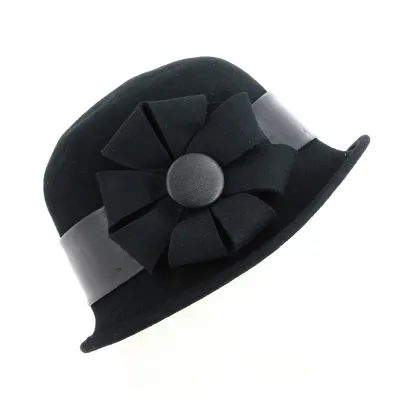 Chapeau Cloche fleur Feutre Laine Noir- Traclet Reference : 16714 | Chapellerie Traclet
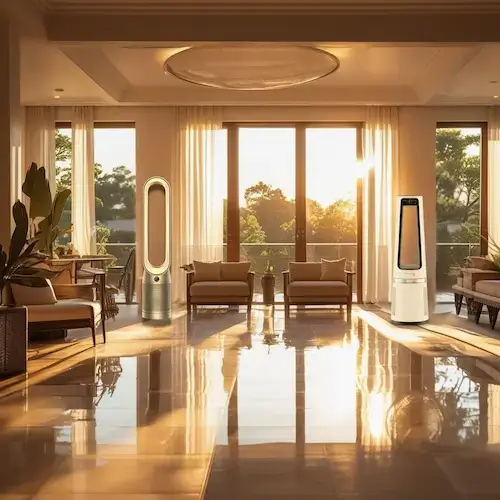 Dyson TP10 et Rowenta Eclipse intégrés dans un salon haut de gamme au coucher du soleil – comparatif visuel 2025 des ventilateurs silencieux premium.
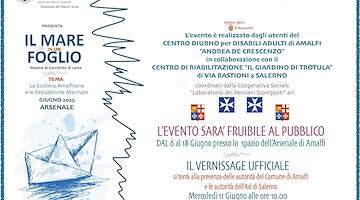 Ad Amalfi si inaugura l'installazione collettiva "Il Mare e in un foglio"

Task item: Find the line holding "Dyson TP10 et" in the data above. Retype it and every later line exactly, through the end, but not the pictures.

Solution:
 Dyson TP10 et Rowenta Eclipse intégrés dans un salon haut de gamme au coucher du soleil – comparatif visuel 2025 des ventilateurs silencieux premium.
 Ad Amalfi si inaugura l'installazione collettiva "Il Mare e in un foglio"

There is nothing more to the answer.